Unlike last season, Kuroda has been finishing this one at a strong pace. In 2013, he posted a 3-7 record with a 4.25 earned run average after the All-Star break, and Yankees manager Joe Girardi has made it a point this year of giving the right-hander extra days of rest whenever possible and keeping a tighter rein on his pitch counts.
“Last year was unusual in that I worked an amazing amount, too much, in the first half,” Kuroda said. “I pitched in so many close games and used up so much of my physical strength. So when it came to the second half, I could sense the effects of that.”
“Of course, at this stage of the season, with the Yankees, a team that is expected to compete for the championship every year, you have to step up and treat these games as the most crucial.”
“To be able to make every start for the entire season is tough. You can’t really take a break so that you’ll have something extra for the end of the season, because you can’t disrupt the starting rotation. For that reason, it’s always difficult to be at your best in the second half.”
Despite his age, Kuroda has been the only Yankees pitcher to remain in the starting rotation this year since opening day and on Sunday passed 3,000 innings pitched in his professional career, including 1,304-1/3 since moving to the majors with the Los Angeles Dodgers in 2008.
While an ace pitcher in Japan, Kuroda said it was his habit each spring to air it out at least once in a “nagekomi” bullpen session of around 300 pitches. While Daisuke Matsuzaka blamed the Boston Red Sox’s ban on nagekomi for his arm troubles in the United States, Kuroda said he easily junked the practice when moving to the big leagues.
“Nobody ever said it’s prohibited,” Kuroda said. “But I came to pitch here and thus it was natural that I do things the way they do them here. I don’t even do it all now.”

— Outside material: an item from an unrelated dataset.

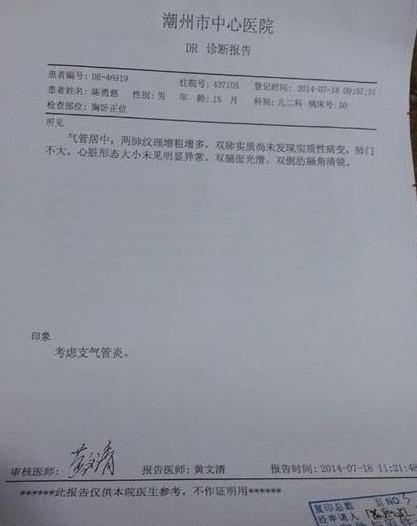 医院诊断报告。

“I think it was just something you live with. I understood my context was different and within that context I was resolved to do the best I could. The way of thinking is completely different here, and it only follows that if you’re going to really come over here and get it done, that you have to do it all the way.”
Although he said his two-seam sinking fastball is still the center of his game, his approach has changed — as much because of his age as the different challenges major league hitters pose.
“In Japan I was more of a pound-the-zone, overpower-batters-with-my-fastball, strikeout pitcher,” he said.
“In America there are a lot of pitchers who throw harder than me, a lot of pitchers with amazing pitches, so it was a matter of finding a place in American baseball where I could exist, finding a version of my style that worked here as quickly as possible.”
“Some of that is how you use the ball. If you don’t strike out lots of batters you can potentially keep your pitch counts down and work more innings.”
Yet, the biggest challenge came in the context of a 162-game season over a shorter span of time played over four time zones with fewer days off between starts.
“It wasn’t particularly a surprise, but the effort to work 200 innings without injury (was the hardest),” he said. “The meaning of 200 innings is that is a prerequisite to be considered an ace-caliber pitcher. Unlike Japan, a starting pitcher in the majors is with the team all the time on every road trip and be on the bench through every game.
“In the majors, with the jet lag and time differences, it really struck me how hard it is to do that here. That first year was the most exhausting.”